● **Information provided**
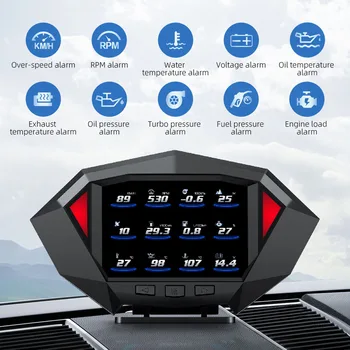 Auto GPS OBD HUD Head-Up Display de Coche Universal de la Pendiente parabrisas velocímetro Multifuncional Sobre Alarma de la Velocidad de los Accesorios del Coche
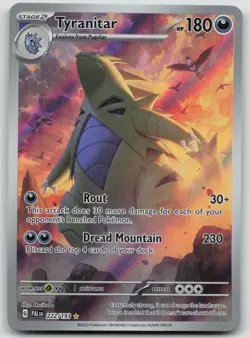 Pokemon TCG Tyranitar Scarlet & Violet Paldea Evolved Card 222/193 - Image 1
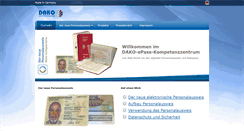 Desktop Screenshot of epass-kompetenzzentrum.de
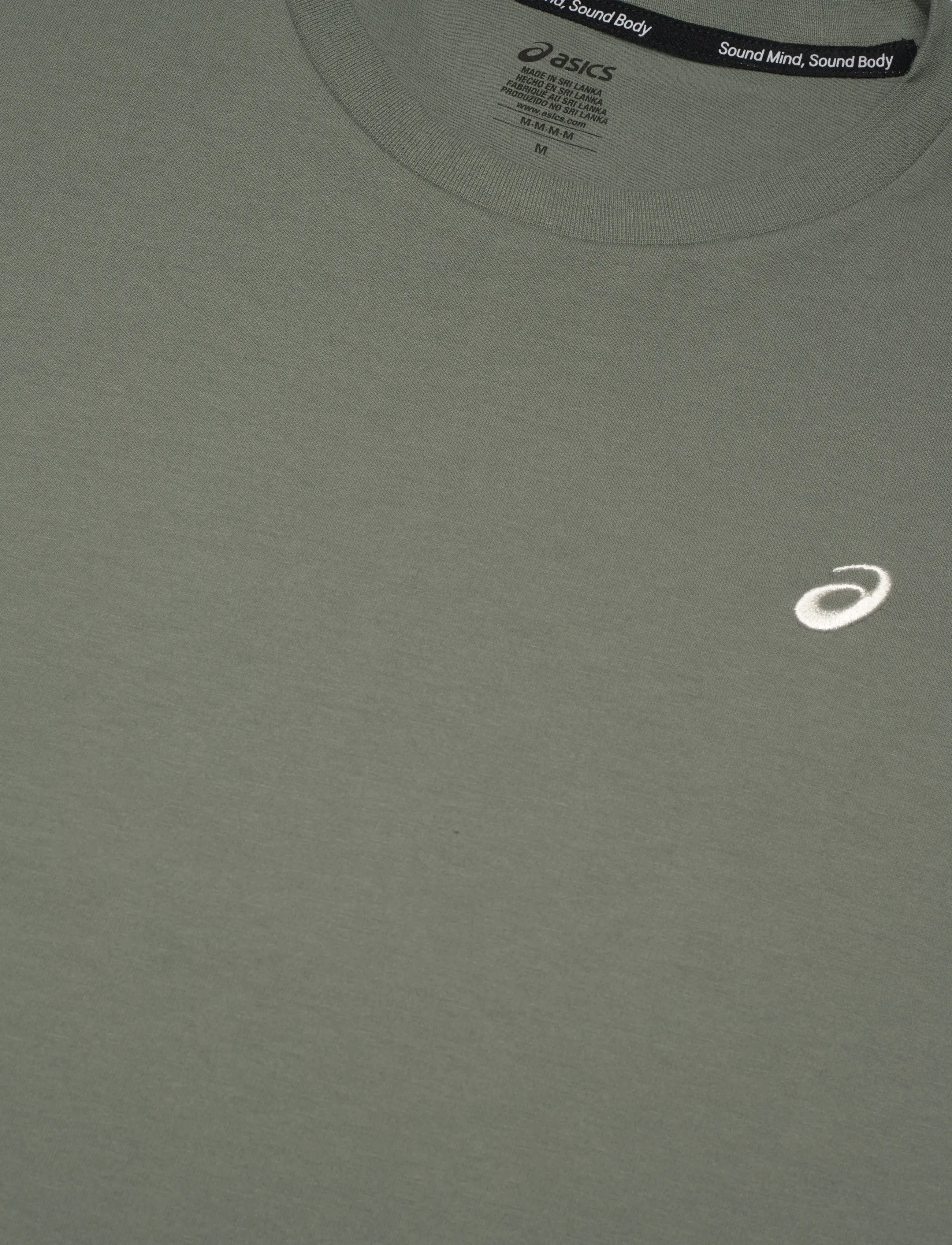 Asics - ASICS SPIRAL EMBROIDERY TEE - t-särgid - lichen green - 2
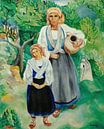 Moïse Kisling - Peasant women in traditional dress (1920) by Peter Balan thumbnail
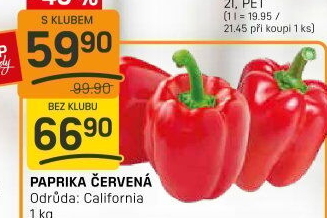 Paprika červená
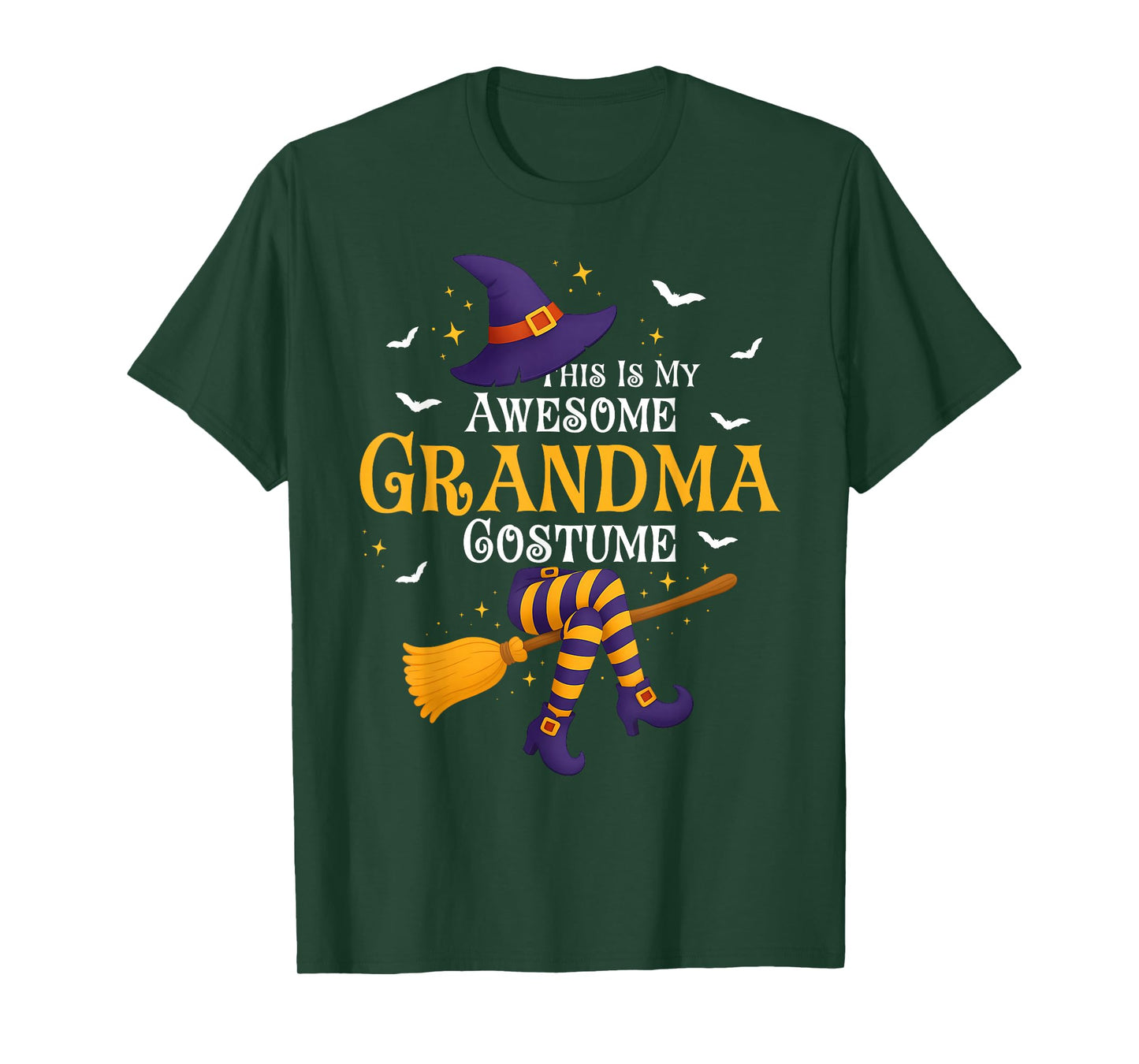 This is My Awesome Grandma Costume Halloween Witch Women T-Shirt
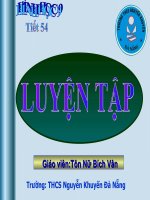 Luyện tập: Diện tích hình nón, hình quạt tròn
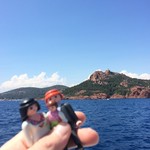  #playmobil en bateau ;) #esterel #cotedazur 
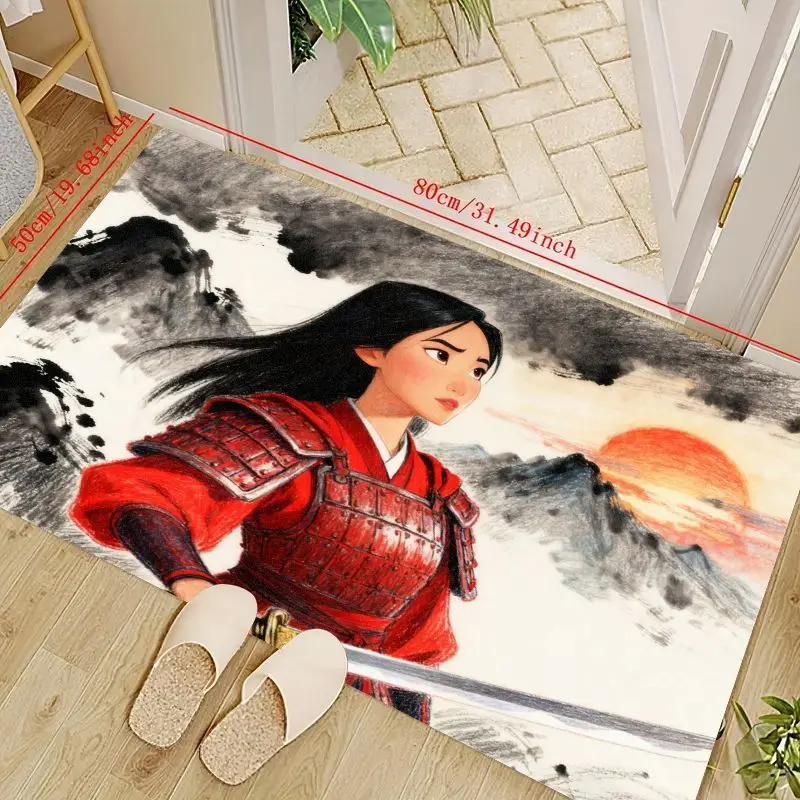 1 шт. напольный коврик Mulan Warrior Princess в стиле аниме, противоскользящий входной коврик для гостиной, спальни, детской комнаты, домашний декор, Китай
1 шт. напольный коврик Mulan Warrior Princess в стиле аниме, противоскользящий входной коврик для гостиной, спальни, детской комнаты, домашний декор, Китай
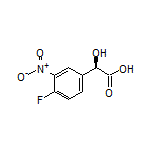 (R)-2-(4-Fluoro-3-nitrophenyl)-2-hydroxyacetic Acid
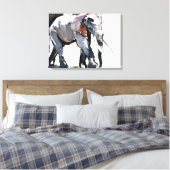 Afrikanischer Elefant 2012 Leinwanddruck (Insitu (Schlafzimmer))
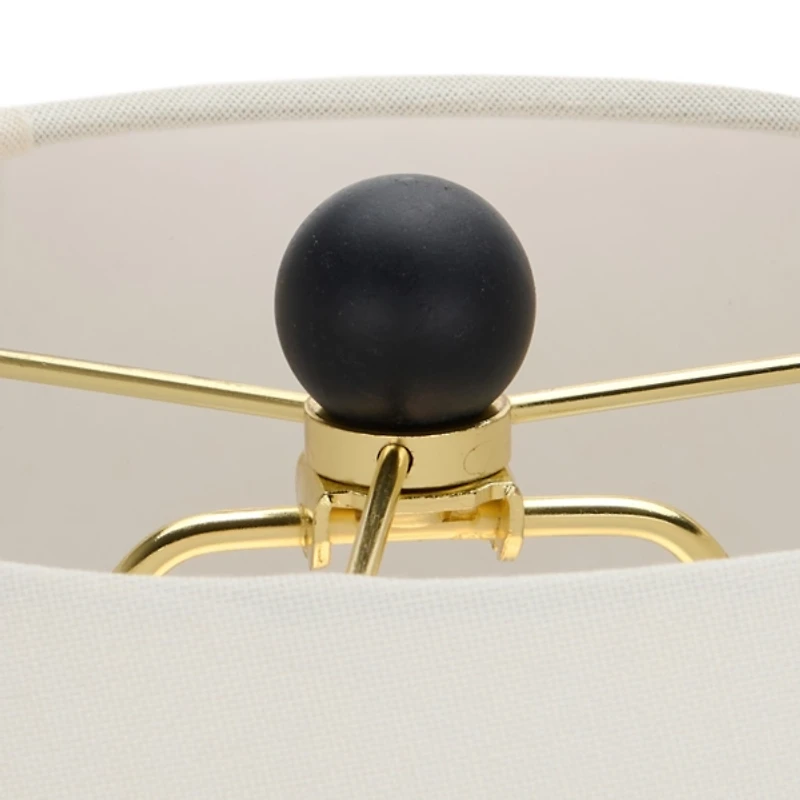 Aruna Black Swirl Table Lamp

● **Exercise aim**
Give again, exactly, the lines starting at the first entry above and ending at the line with "Pokemon TCG Tyranitar"; please leave pictures out.

● **Answer space**
 Auto GPS OBD HUD Head-Up Display de Coche Universal de la Pendiente parabrisas velocímetro Multifuncional Sobre Alarma de la Velocidad de los Accesorios del Coche
 Pokemon TCG Tyranitar Scarlet & Violet Paldea Evolved Card 222/193 - Image 1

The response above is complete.